++++ GIVEN RECORDS ++++

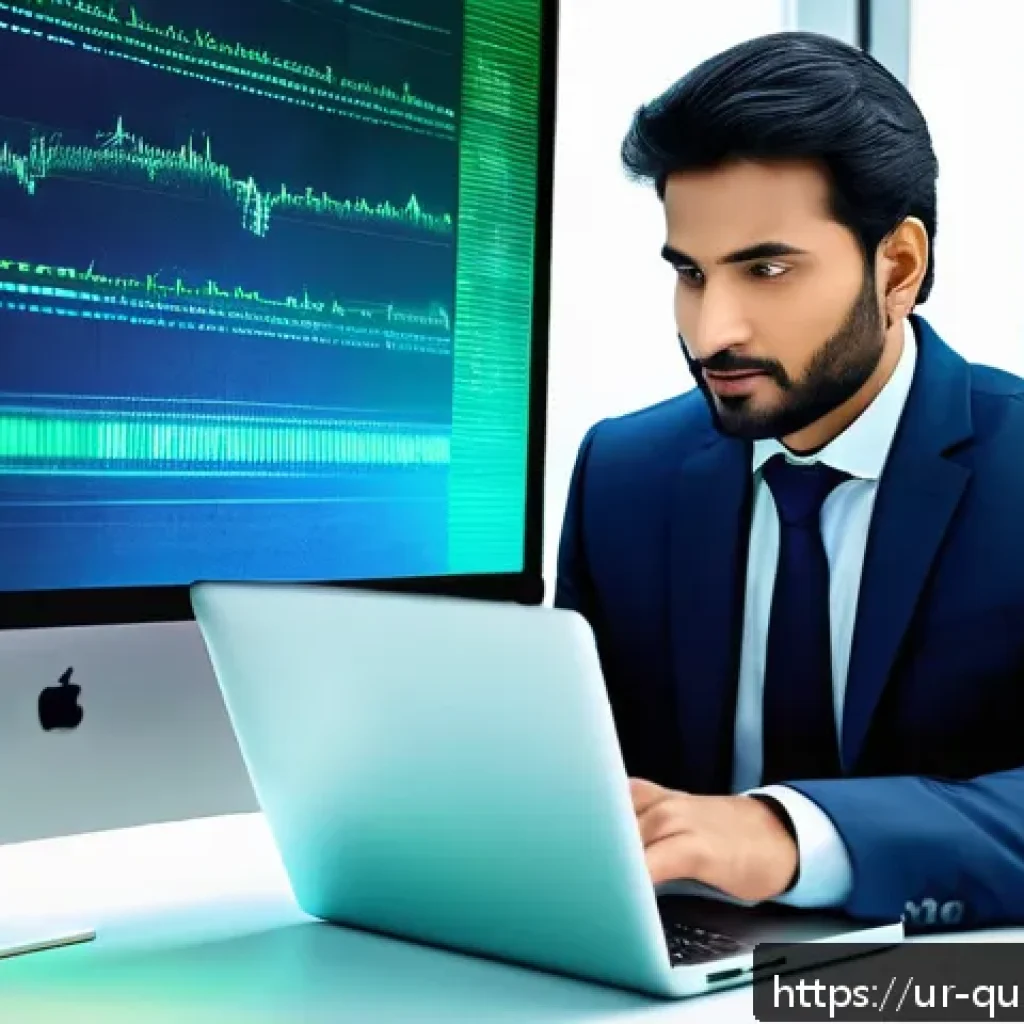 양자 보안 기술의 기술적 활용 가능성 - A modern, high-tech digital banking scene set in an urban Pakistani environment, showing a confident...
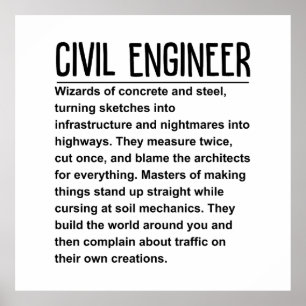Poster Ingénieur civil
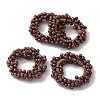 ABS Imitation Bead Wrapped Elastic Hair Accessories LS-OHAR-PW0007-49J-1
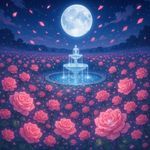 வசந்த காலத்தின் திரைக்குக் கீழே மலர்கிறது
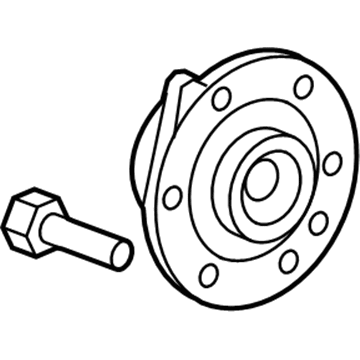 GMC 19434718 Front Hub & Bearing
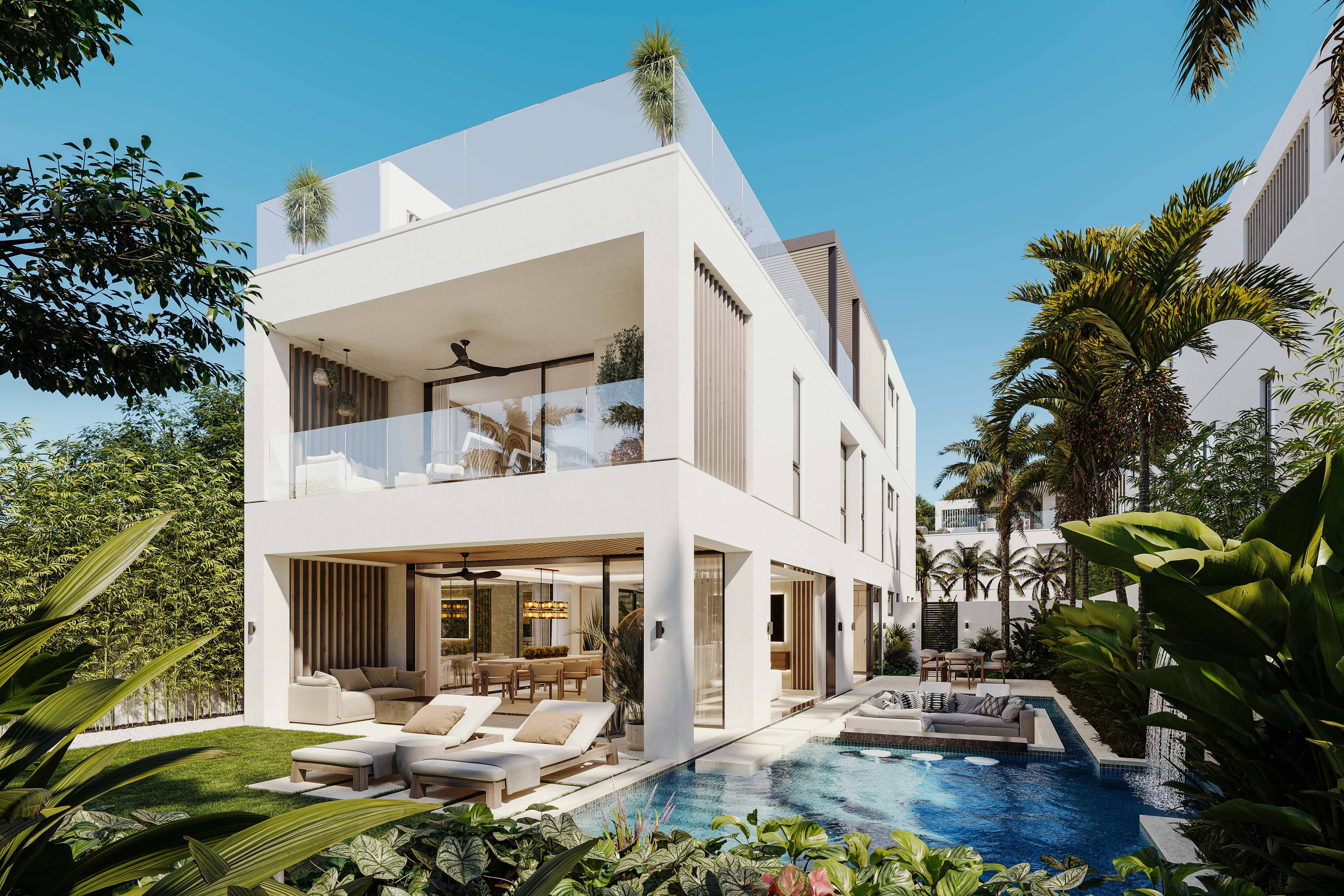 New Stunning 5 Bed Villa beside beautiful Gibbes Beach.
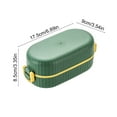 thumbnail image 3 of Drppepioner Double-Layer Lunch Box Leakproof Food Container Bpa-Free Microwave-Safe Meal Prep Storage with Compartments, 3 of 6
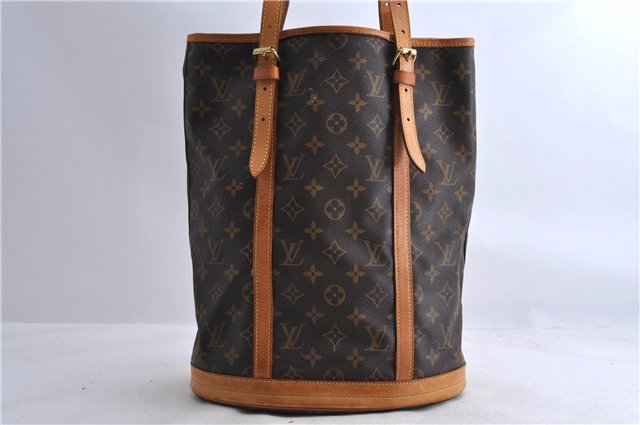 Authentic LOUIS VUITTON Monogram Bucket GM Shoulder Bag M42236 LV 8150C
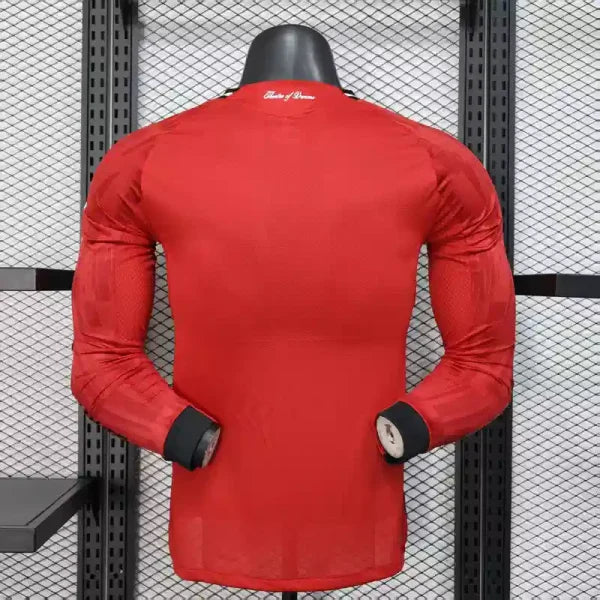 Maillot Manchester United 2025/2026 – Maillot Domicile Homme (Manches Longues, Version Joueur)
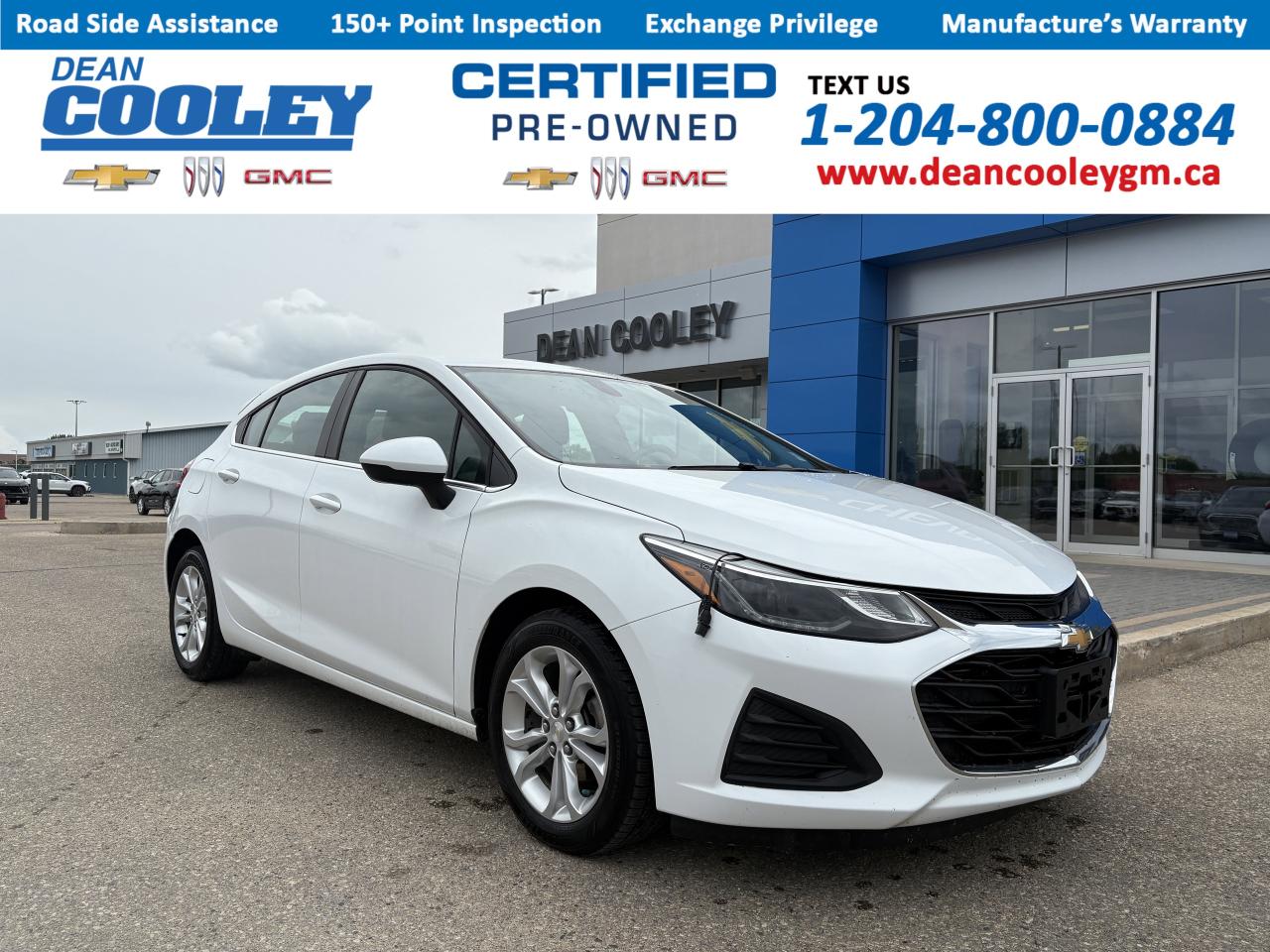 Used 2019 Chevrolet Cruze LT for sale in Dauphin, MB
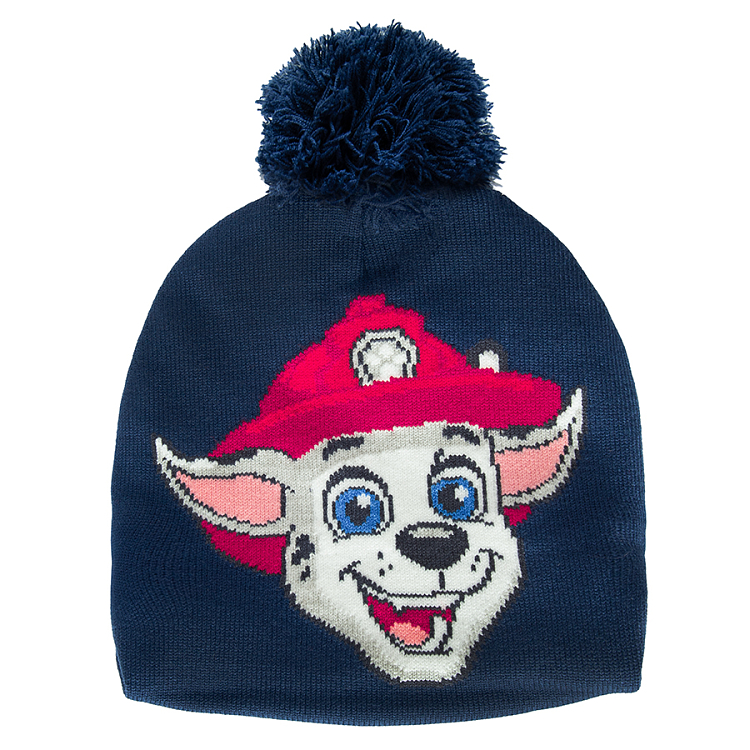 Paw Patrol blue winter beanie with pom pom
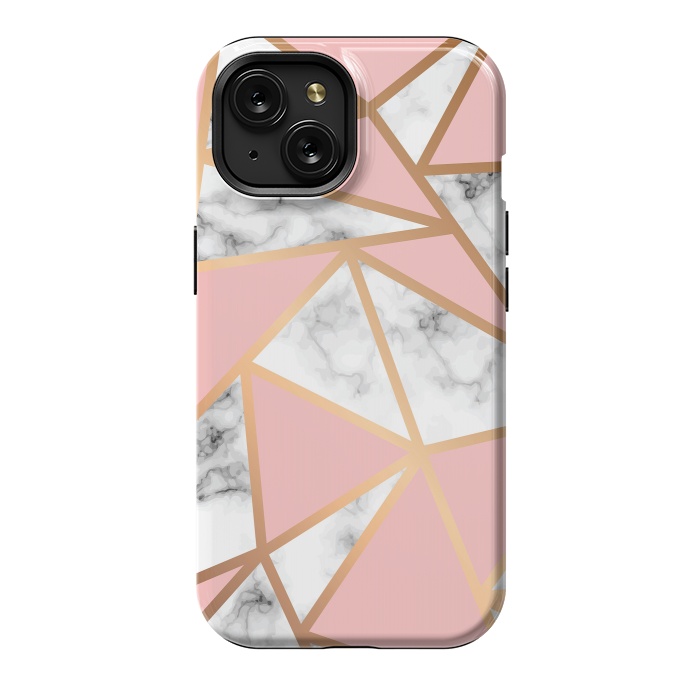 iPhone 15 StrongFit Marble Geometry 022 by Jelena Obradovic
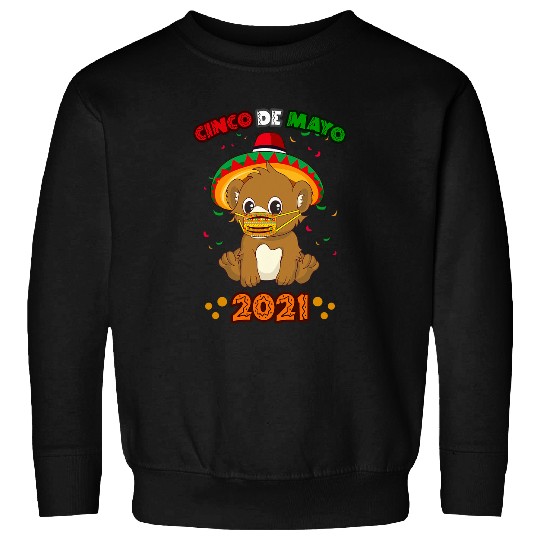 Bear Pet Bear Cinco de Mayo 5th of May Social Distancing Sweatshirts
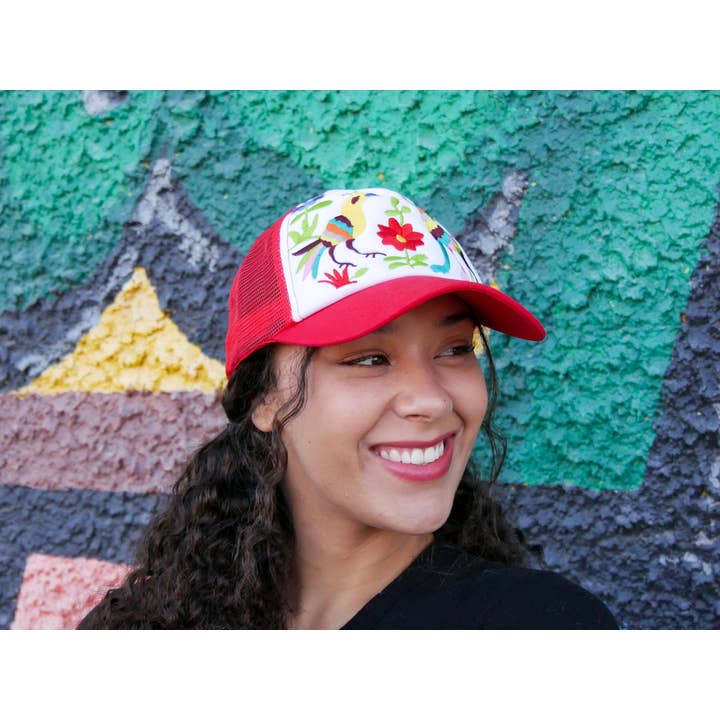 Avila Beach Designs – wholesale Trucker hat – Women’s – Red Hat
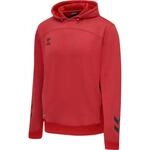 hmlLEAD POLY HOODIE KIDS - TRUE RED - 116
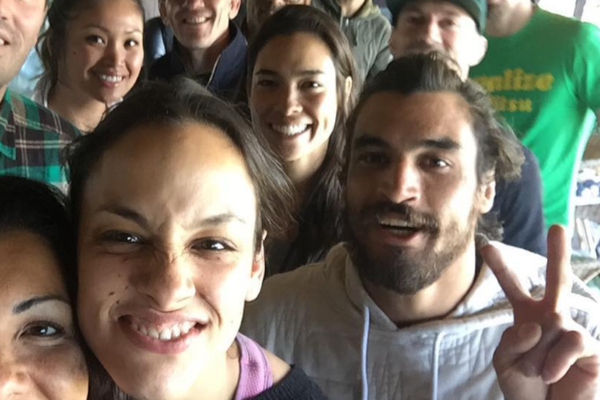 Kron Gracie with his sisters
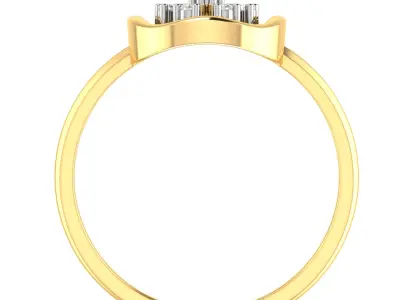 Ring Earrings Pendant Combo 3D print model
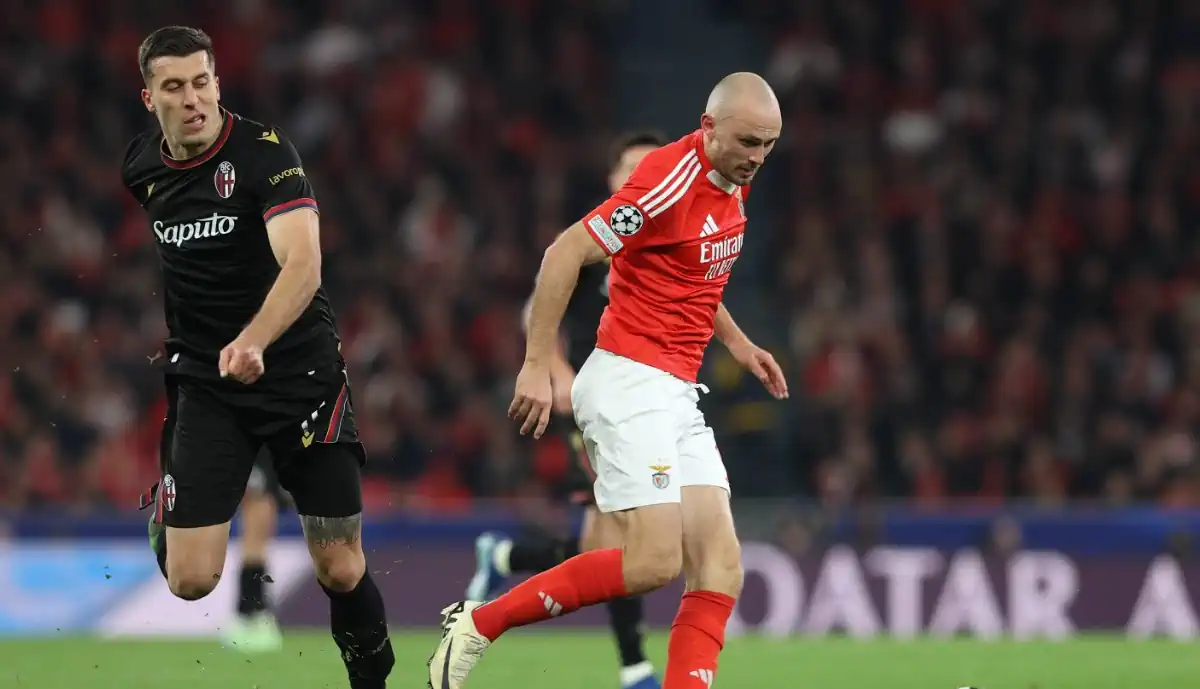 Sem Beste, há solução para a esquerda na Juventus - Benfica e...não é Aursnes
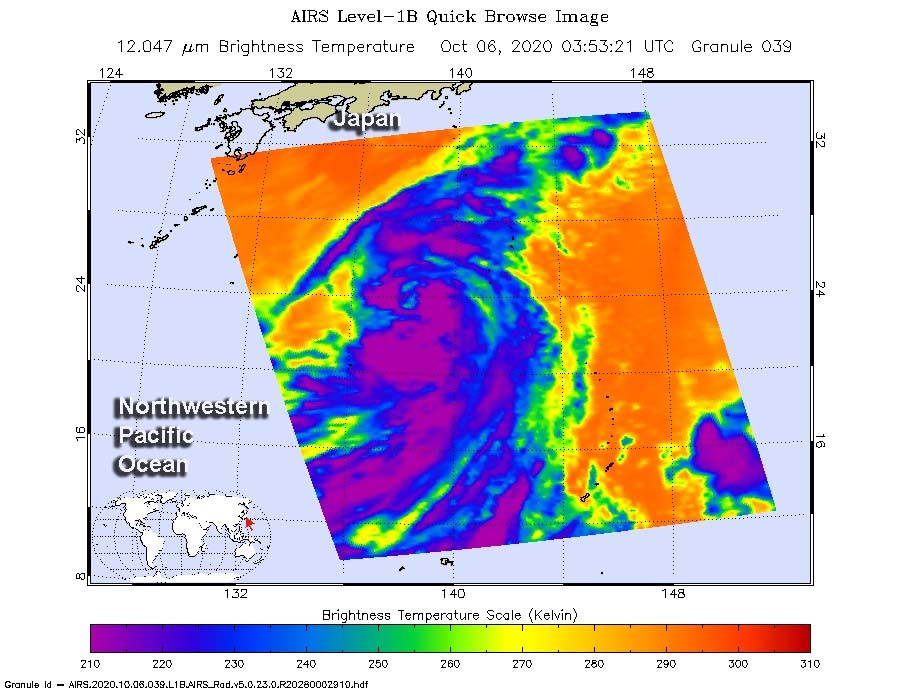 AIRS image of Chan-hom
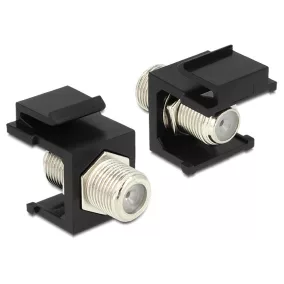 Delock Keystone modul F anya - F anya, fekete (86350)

++++

* [PROBLEM] Please give back the material above exactly as written, pictures omitted.

* [EXERCISE SOLUTION]
 양자 보안 기술의 기술적 활용 가능성 - A modern, high-tech digital banking scene set in an urban Pakistani environment, showing a confident...
Poster Ingénieur civil
 ABS Imitation Bead Wrapped Elastic Hair Accessories LS-OHAR-PW0007-49J-1
 வசந்த காலத்தின் திரைக்குக் கீழே மலர்கிறது
 GMC 19434718 Front Hub & Bearing
 New Stunning 5 Bed Villa beside beautiful Gibbes Beach.
 thumbnail image 3 of Drppepioner Double-Layer Lunch Box Leakproof Food Container Bpa-Free Microwave-Safe Meal Prep Storage with Compartments, 3 of 6
 Authentic LOUIS VUITTON Monogram Bucket GM Shoulder Bag M42236 LV 8150C
 Maillot Manchester United 2025/2026 – Maillot Domicile Homme (Manches Longues, Version Joueur)
 Used 2019 Chevrolet Cruze LT for sale in Dauphin, MB
 Paw Patrol blue winter beanie with pom pom
 iPhone 15 StrongFit Marble Geometry 022 by Jelena Obradovic
 Bear Pet Bear Cinco de Mayo 5th of May Social Distancing Sweatshirts
 Avila Beach Designs – wholesale Trucker hat – Women’s – Red Hat
 hmlLEAD POLY HOODIE KIDS - TRUE RED - 116
 Kron Gracie with his sisters
 Ring Earrings Pendant Combo 3D print model
 Sem Beste, há solução para a esquerda na Juventus - Benfica e...não é Aursnes
 AIRS image of Chan-hom
 Delock Keystone modul F anya - F anya, fekete (86350)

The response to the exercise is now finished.